Support Questions

Find answers, ask questions, and share your expertise
Announcements
Celebrating as our community reaches 100,000 members! Thank you!

Kafka json events filter on event name & event type and save to cassandra. Which is better kafka->Storm->Cassandra or kafka->Nifi->Cassandra?

avatar
Expert Contributor

Consuming kafka json events and filtering on event type & event name and then finally save them to cassandra. Which is better kafka->Storm->Cassandra or kafka->Nifi->Cassandra?

1 ACCEPTED SOLUTION

avatar

I think kafka->Storm->Cassandra is batter as similar architecture worked very well in our use case...

https://www.linkedin.com/pulse/real-time-data-ingestion-easy-simple-co-dev-neeraj-sabharwal

View solution in original post

8 REPLIES 8

avatar

I think kafka->Storm->Cassandra is batter as similar architecture worked very well in our use case...

https://www.linkedin.com/pulse/real-time-data-ingestion-easy-simple-co-dev-neeraj-sabharwal

avatar
Expert Contributor
@Mukesh Kumar

i think you are right but just wondering for only filtering the events dont u think its a overkill to use storm as we have to implement lot of code and maintain a big cluster for storm whereas we can do it quickly in Nifi. What do u say?

avatar
Master Guru

Both approaches could work. This type of filtering task is well suited for NiFi and you could likely use the EvaluateJsonPath and RouteOnAttribute processors to perform the filtering, and the PutCassandraQL processor to insert to Cassandra, and not have to write any code.

avatar
Expert Contributor

@Bryan Bende i was looking to use Nifi as well but not sure if it would work. However i have created the PutCassandraQL processor and in terms of insert query not sure how to pass it as input to the putcassandra processor? My Kafka json event is complex and nested. Currently iam filtering on eventName using EvaluateJsonPath and RouteOnAttribute processors but i need to pass the input to putcassandra processor in a cql insert query format i guess and iam not aware of it. Any suggestions to pass the insert query to putcassandra. thank u

avatar
Master Guru

I personally haven't used the PutCassandraQL processor so @Matt Burgess may know more than me, but I think it expects the content of the FlowFile to contains a CQL statement using ? to escape the parameters.

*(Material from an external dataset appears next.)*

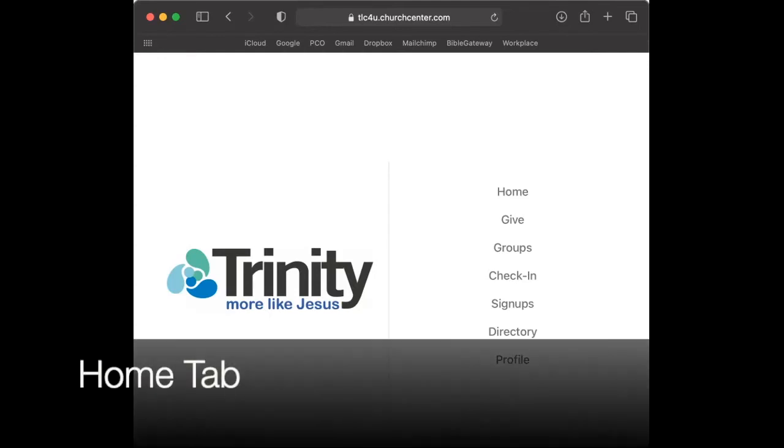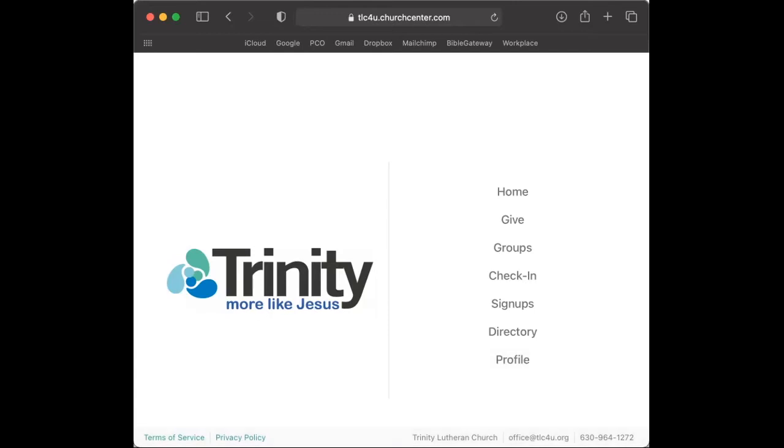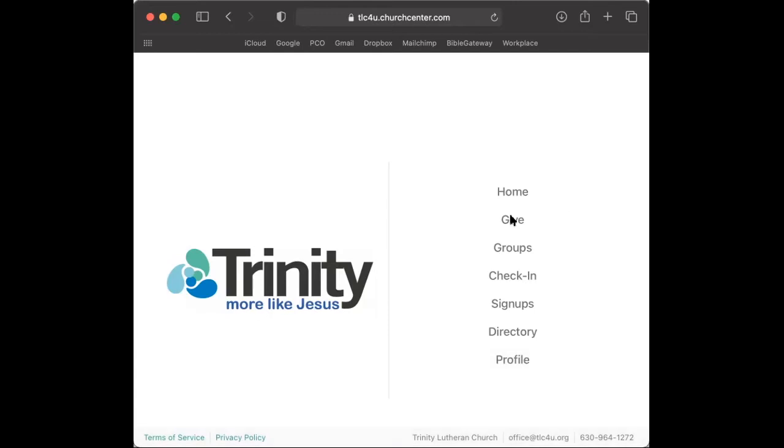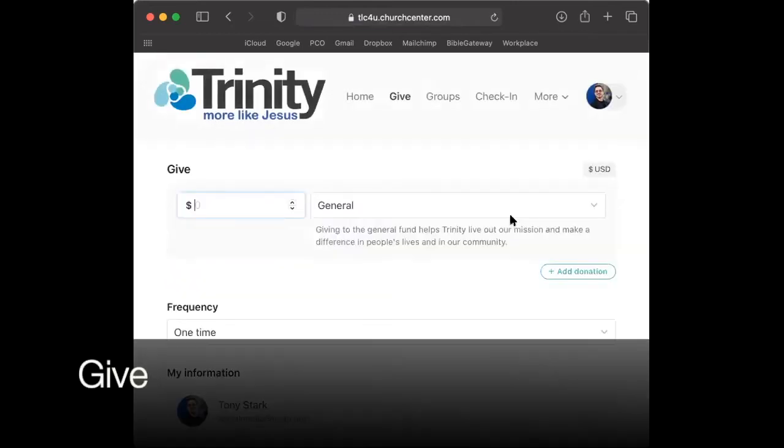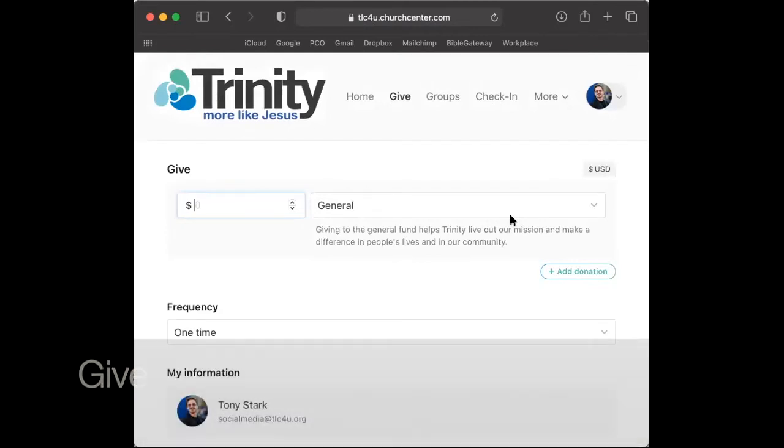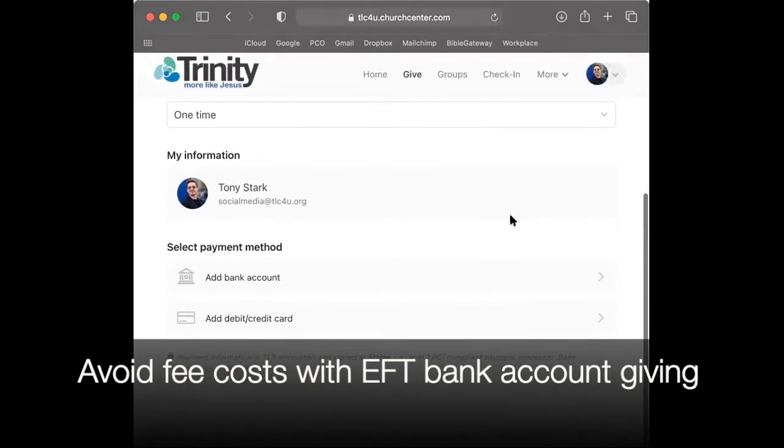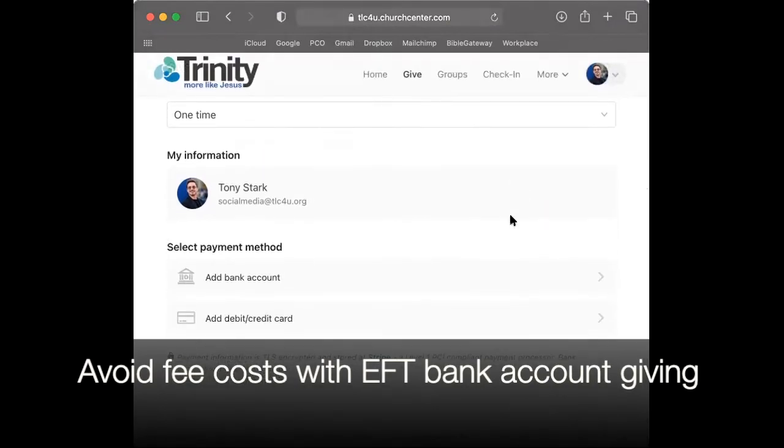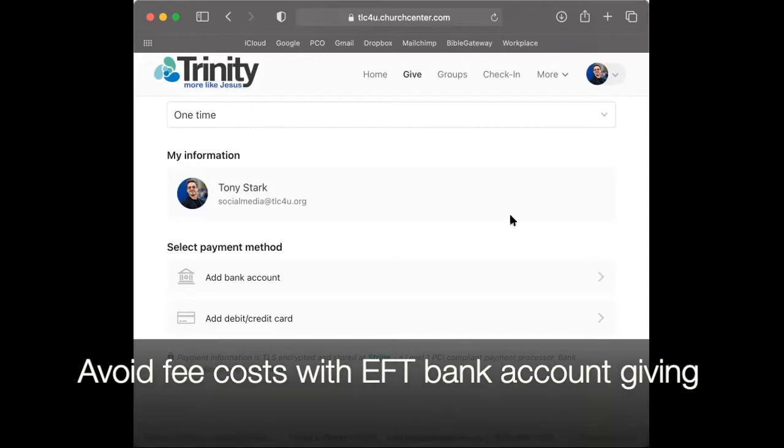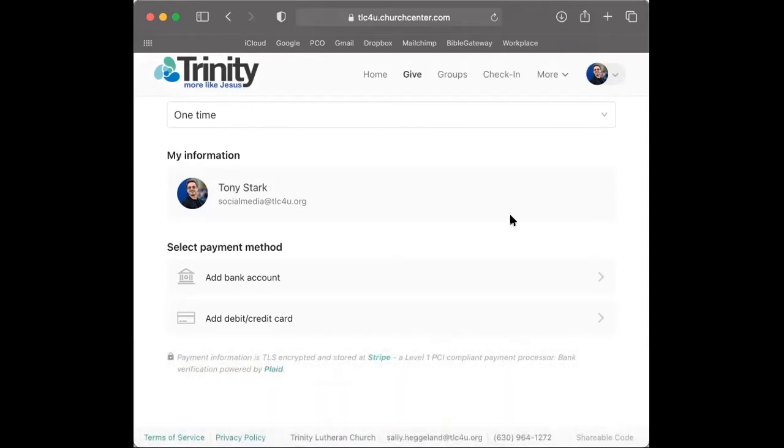The home tab is the master directory. Give enables you to set up or manage one-time and recurring gifts. Remember that credit cards carry transaction fees, so use direct electronic funds transfer from your bank account to keep costs low.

So lets say your insert statement is, you could use ReplaceText processor and set the Replacement Value property to something like this:

INSERTINTO mytable (field1, field2) VALUES (?, ?)

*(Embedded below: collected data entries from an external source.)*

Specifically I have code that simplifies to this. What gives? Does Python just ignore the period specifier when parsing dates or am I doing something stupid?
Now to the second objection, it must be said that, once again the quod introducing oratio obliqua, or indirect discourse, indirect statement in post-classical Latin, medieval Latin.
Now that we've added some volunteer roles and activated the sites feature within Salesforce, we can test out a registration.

Before getting to that processor you would need to setup the following FlowFile attributes:

cql.args.1.value = value1
cql.args.1.type = string
cql.args.2.value = value2
cql.args.2.type = string

The value attributes could come from EvaluateJsonPath extracting the appropriate values, and the type attributes could be added by UpdateAttribute.

So your full flow might be:

GetKafka -> EvaluateJsonPath -> RouteOnAttribute -> UpdateAttribute -> ReplaceText -> PutCassandraQL.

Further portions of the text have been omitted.